### Gibbs Free Energy

As we discussed in the previous section, reaction favorability can be ambiguous when entropy and enthalpy are in conflict. In particular, the increase in disorder (ΔS°) for a system and the surroundings can be of different signs. For instance, boiling water converts a liquid into a gas, generating a very positive ΔS°system value for the reaction. However, at room temperature, energy must be extracted from the surroundings, giving a negative ΔS°surroundings value. The total entropy change for the universe can be found by adding the two values: if the result is negative, the reaction is not favorable, and vice versa. The entropy change for the surroundings can be found by dividing the opposite of ΔH° by the temperature in Kelvins: ΔS°surroundings = -ΔH° / T ; the lower the temperature, the greater the increase in disorder. The negative value represents that energy is being transferred out of the system. We could use the equation

ΔS°universe = ΔS°system + -ΔH° / T

to find the overall favorability for the reaction, but there is an easier way. In the 1800's, J. Willard Gibbs manipulated the above equation to form a new equation, using a new value, G, to represent the free energy of the system. The proof of this manipulation is too long to include here, but may be found in other texts and on the Internet. His revised equation became:

ΔG°system = ΔH°system - TΔS°system

where T is the temperature in Kelvin, and ΔG is the change in the Gibbs free energy. If ΔG is positive, then the reaction is product-favored (not favorable) and will not occur at the given temperature. If ΔG is negative, then the reaction will occur at the specified temperature. This is one of the most important equations in chemistry, since it lets us predict the favorability of any reaction at any temperature, knowing only the enthalpy and entropy changes.

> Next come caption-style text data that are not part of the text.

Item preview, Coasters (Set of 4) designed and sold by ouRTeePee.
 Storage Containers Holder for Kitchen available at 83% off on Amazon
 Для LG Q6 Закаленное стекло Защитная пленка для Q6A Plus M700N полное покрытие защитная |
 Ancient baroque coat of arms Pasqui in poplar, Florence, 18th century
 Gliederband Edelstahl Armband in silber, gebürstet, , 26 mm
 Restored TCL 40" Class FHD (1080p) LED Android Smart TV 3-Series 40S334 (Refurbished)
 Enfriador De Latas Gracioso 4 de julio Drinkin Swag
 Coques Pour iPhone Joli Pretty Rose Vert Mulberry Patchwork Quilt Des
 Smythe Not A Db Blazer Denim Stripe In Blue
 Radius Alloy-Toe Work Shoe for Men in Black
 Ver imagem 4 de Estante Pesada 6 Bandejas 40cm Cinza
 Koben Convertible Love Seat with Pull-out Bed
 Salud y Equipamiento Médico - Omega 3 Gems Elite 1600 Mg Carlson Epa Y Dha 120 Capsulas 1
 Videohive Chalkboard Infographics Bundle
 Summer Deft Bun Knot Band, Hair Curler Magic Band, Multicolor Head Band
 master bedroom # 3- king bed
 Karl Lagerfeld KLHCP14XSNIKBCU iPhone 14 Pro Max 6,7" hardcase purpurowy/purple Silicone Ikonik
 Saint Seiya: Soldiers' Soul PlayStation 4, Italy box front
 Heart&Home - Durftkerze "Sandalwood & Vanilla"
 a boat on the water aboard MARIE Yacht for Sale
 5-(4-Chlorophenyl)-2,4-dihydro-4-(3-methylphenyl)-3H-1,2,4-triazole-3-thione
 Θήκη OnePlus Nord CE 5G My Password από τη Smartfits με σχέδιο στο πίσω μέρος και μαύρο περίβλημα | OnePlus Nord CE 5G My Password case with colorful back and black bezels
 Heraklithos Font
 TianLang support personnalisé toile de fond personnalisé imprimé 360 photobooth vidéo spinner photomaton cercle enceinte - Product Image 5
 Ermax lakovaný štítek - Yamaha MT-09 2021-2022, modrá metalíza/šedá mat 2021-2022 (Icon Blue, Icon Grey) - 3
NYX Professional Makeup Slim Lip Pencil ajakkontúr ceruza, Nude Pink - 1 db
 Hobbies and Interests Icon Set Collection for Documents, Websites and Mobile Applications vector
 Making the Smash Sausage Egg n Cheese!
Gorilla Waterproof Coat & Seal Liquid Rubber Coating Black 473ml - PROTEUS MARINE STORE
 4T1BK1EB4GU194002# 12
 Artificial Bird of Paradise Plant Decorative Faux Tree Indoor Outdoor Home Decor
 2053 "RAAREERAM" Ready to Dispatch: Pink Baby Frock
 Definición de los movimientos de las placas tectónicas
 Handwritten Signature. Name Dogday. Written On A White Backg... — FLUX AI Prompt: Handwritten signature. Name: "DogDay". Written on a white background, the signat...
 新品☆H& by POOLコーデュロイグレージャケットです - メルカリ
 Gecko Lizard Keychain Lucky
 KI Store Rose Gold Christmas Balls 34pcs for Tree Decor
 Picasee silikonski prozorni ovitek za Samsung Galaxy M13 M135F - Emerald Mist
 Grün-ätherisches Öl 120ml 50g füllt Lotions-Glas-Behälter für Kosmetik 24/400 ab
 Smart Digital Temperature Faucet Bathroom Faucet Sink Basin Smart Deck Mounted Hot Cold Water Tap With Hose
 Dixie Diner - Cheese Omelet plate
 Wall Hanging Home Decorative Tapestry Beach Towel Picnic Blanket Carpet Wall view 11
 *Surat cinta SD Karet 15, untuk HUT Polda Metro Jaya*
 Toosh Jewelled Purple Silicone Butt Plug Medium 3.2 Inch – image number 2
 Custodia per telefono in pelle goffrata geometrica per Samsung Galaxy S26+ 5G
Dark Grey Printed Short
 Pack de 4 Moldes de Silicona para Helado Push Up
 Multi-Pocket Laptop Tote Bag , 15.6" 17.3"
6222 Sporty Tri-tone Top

Since ΔG must be negative, we can make some generalizations based on the signs of ΔH and ΔS:

• ΔH negative, ΔS positive: Since ΔH is already negative and the "- TΔS" group will be negative as well (T is never negative), ΔG will be negative and the reaction will be product-favored at any temperature.
• ΔH negative, ΔS negative: ΔH is negative but the "- TΔS" group is positive, so the reaction favorability depends on the temperature. If T is small, then ΔG is negative (the negative ΔH overpowers the positive - TΔS) and the reaction is favorable at low temperatures. At high temperatures, the positive "- TΔS" group is largely positive, and ΔG is positive as well, leading an unfavorable reaction.
• ΔH positive, ΔS positive: This is the opposite scenario as above: at low temperatures, the negative "- TΔS" group is too small to overcome the positive ΔH value, so ΔG is positive and the reaction is reactant-favored. At high temperatures, however, the "- TΔS" group is very negative and overpowers the ΔH value, leading to a negative ΔG and a product-favored reaction.
• ΔH positive, ΔS negative: In this configuration, ΔH is positive, and the "- TΔS" group is always positive as well, so the value for ΔG is always positive. Therefore, the reaction is unfavorable whatever the temperature.

This table finally answers the question we asked back in the "Chemical Reactions" chapter: why do some reactions always or never occur, while others are dependent on temperature? The entropy and enthalpy changes are responsible for the varying behaviors of chemical reactions. Using the Gibbs equation above, the outcome of a reaction can be determined.

However, at standard conditions, the process of predicting reaction favorability is even easier. Just as with the H and S values for enthalpy and entropy, the ΔG° value can be computed with the following equation, given ΔG°formation values for all species:

ΔG°system = Σ ΔG°formation(products) - Σ ΔG°formation(reactants)

Using the values for ΔG°formation in a reference text, you can predict reaction favorability by simply doing some quick addition and subtraction! However, this method only works at the standard temperature of 25 °C. You can find values for ΔH°formation, S°, and ΔG°formation for many species in our extensive "Reference" section in the Thermodynamics page.

As a final note on the Gibbs free energy equation, for reactions in which ΔH°reaction and ΔS°system have opposite signs, there is a temperature for which ΔH°system and the "- TΔS°reaction" group have the same value. In this case, the value for ΔG° is zero: the reaction is neither product- nor reactant-favored, so it is in equilibrium and does not go at all. You can find the equivalence temperature by setting ΔG° to zero and solving for T. This will be only an approximate value, because the thermodynamic values all assume 25 °C; if you change the temperature, these values are no longer completely accurate.